===== Material for this exercise =====

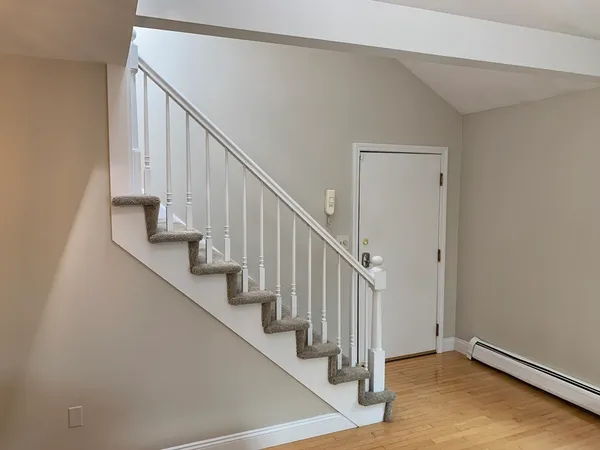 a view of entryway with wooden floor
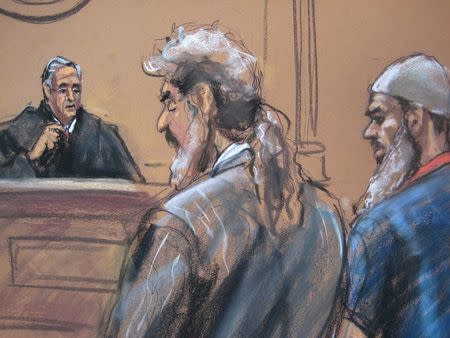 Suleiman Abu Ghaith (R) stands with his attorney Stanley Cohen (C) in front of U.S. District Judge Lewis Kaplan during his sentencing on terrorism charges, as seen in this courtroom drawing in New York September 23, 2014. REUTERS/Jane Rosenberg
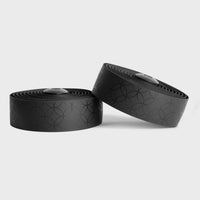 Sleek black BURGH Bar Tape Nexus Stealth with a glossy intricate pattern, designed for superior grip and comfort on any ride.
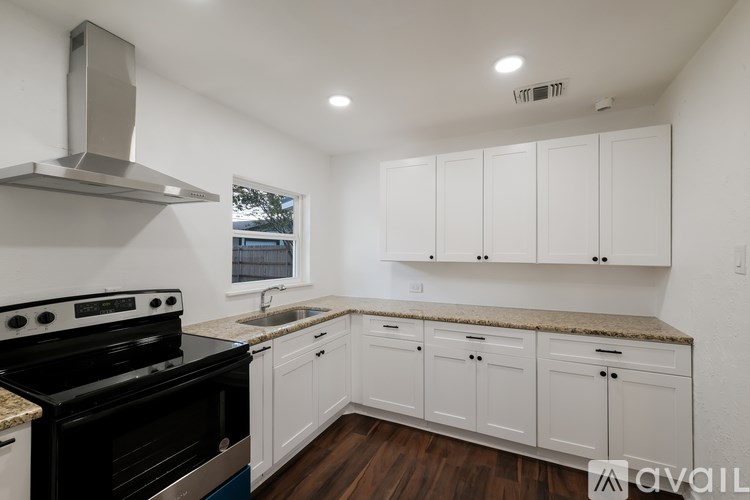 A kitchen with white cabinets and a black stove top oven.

=====
===== Material for this exercise =====

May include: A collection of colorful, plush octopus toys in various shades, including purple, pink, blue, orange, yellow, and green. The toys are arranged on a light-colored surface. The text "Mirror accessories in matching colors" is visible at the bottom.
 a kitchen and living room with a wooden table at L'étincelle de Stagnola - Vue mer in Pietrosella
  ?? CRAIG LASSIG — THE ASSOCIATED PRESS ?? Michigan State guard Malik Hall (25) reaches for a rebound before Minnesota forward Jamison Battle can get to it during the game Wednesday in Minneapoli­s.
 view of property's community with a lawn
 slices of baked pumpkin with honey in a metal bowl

=====
===== Material for this exercise =====

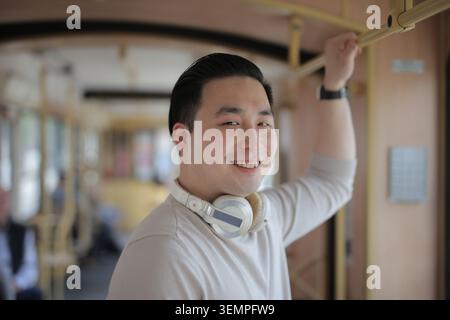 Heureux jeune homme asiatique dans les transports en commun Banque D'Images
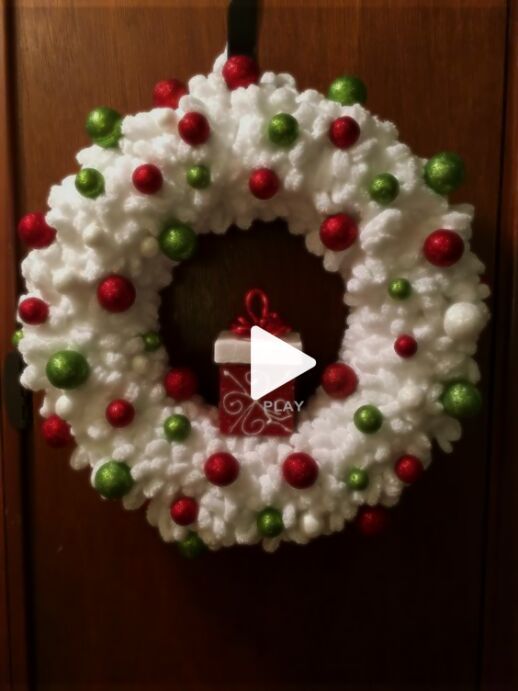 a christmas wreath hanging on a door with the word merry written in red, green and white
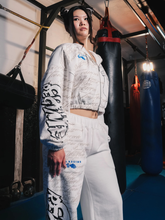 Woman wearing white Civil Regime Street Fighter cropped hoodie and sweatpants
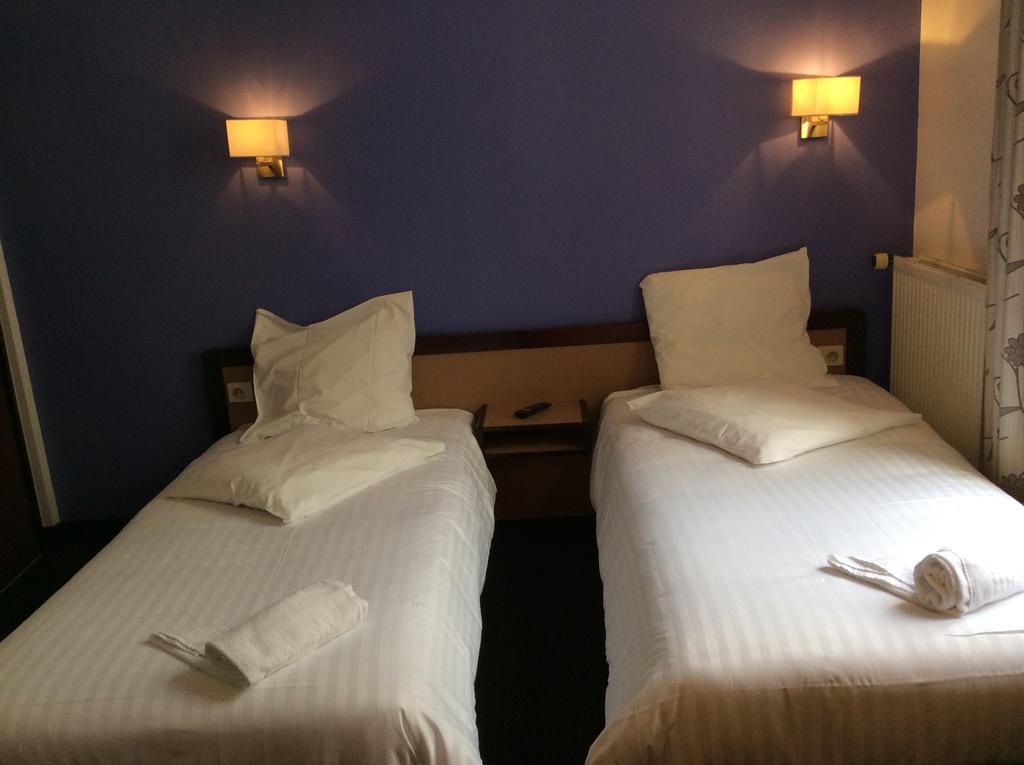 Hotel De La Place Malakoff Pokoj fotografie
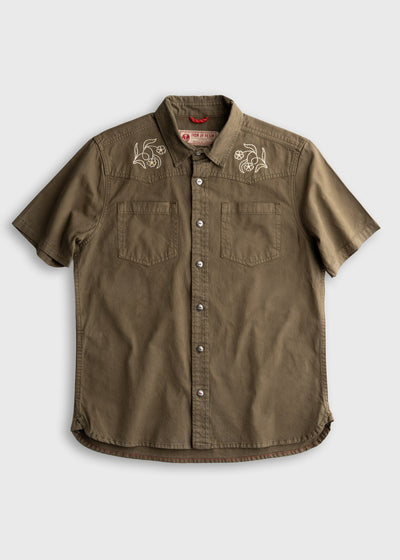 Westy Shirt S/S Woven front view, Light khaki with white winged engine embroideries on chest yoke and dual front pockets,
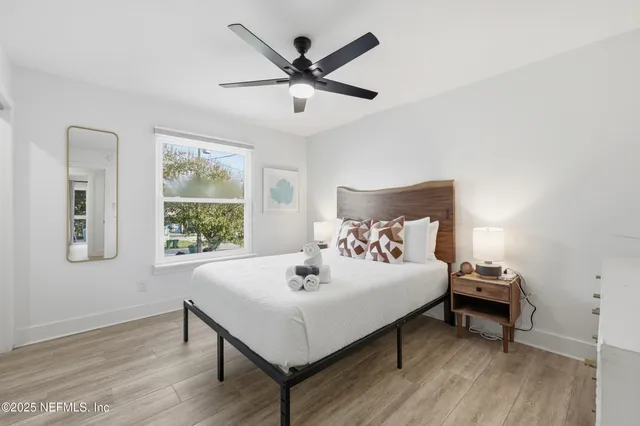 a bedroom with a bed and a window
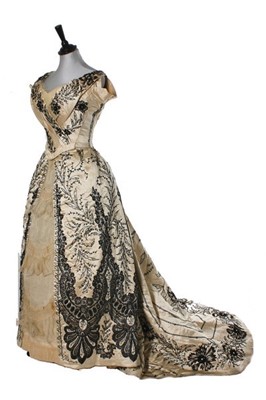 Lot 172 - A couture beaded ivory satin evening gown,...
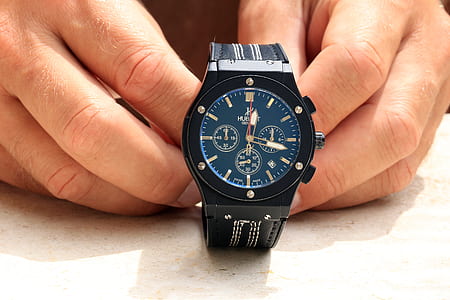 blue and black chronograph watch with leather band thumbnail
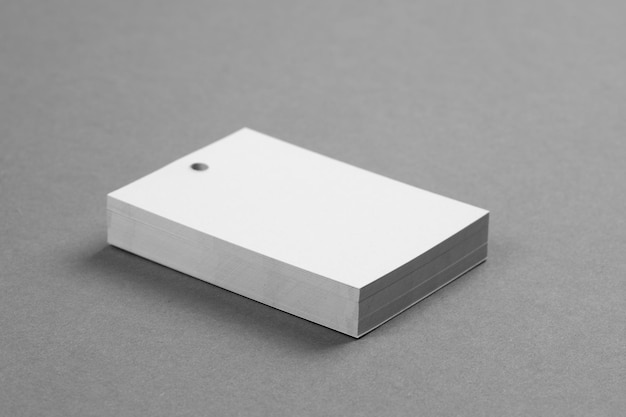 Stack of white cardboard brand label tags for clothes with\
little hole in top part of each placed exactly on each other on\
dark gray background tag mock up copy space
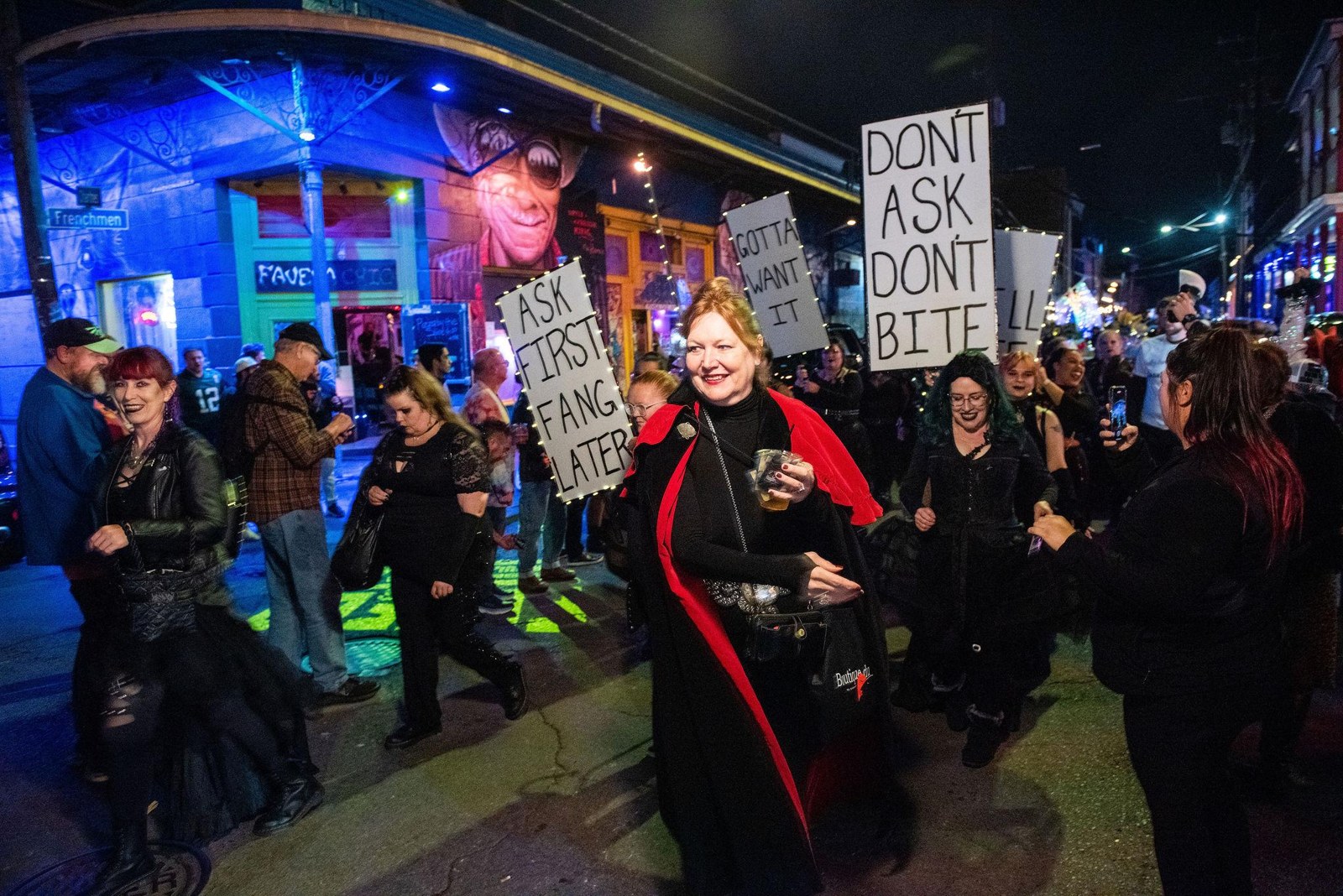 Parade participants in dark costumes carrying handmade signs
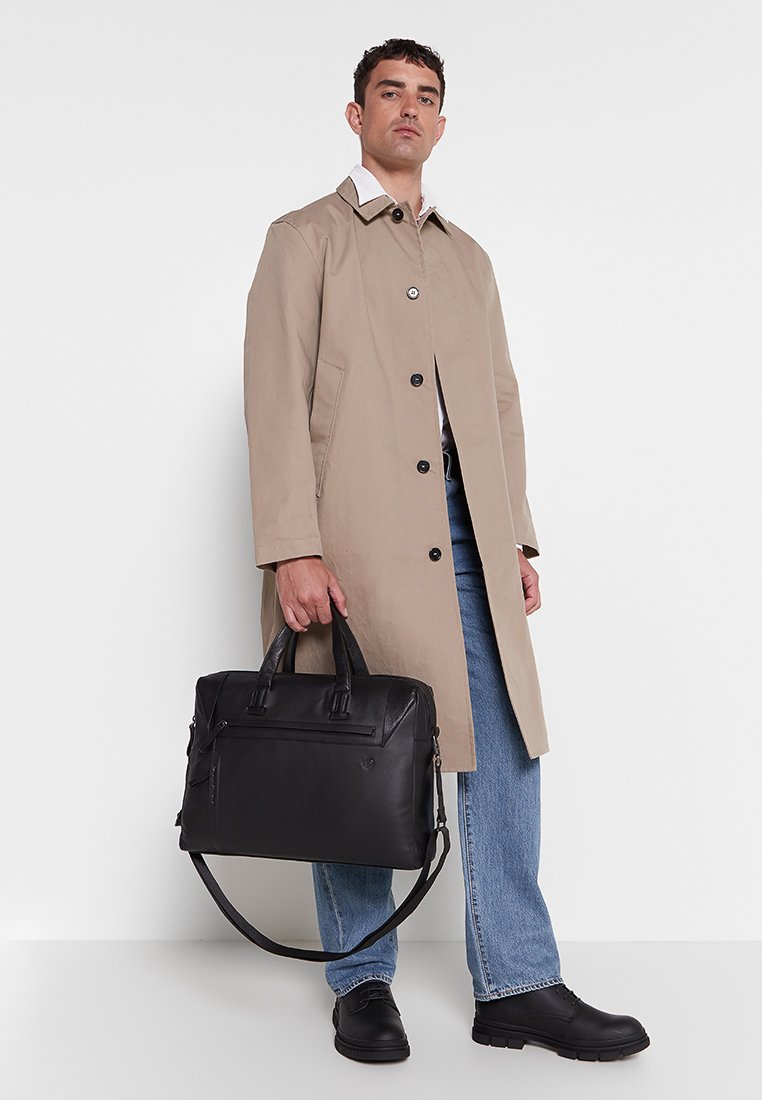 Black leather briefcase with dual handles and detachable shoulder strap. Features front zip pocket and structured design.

=====

* Assignment
Reproduce the listing above exactly from the line containing "a view of entryway with wooden floor" up to and including the line containing "A kitchen with", omitting any images and everything outside those lines.

* Completed task
 a view of entryway with wooden floor
 Suleiman Abu Ghaith (R) stands with his attorney Stanley Cohen (C) in front of U.S. District Judge Lewis Kaplan during his sentencing on terrorism charges, as seen in this courtroom drawing in New York September 23, 2014. REUTERS/Jane Rosenberg
 Sleek black BURGH Bar Tape Nexus Stealth with a glossy intricate pattern, designed for superior grip and comfort on any ride.
 A kitchen with white cabinets and a black stove top oven.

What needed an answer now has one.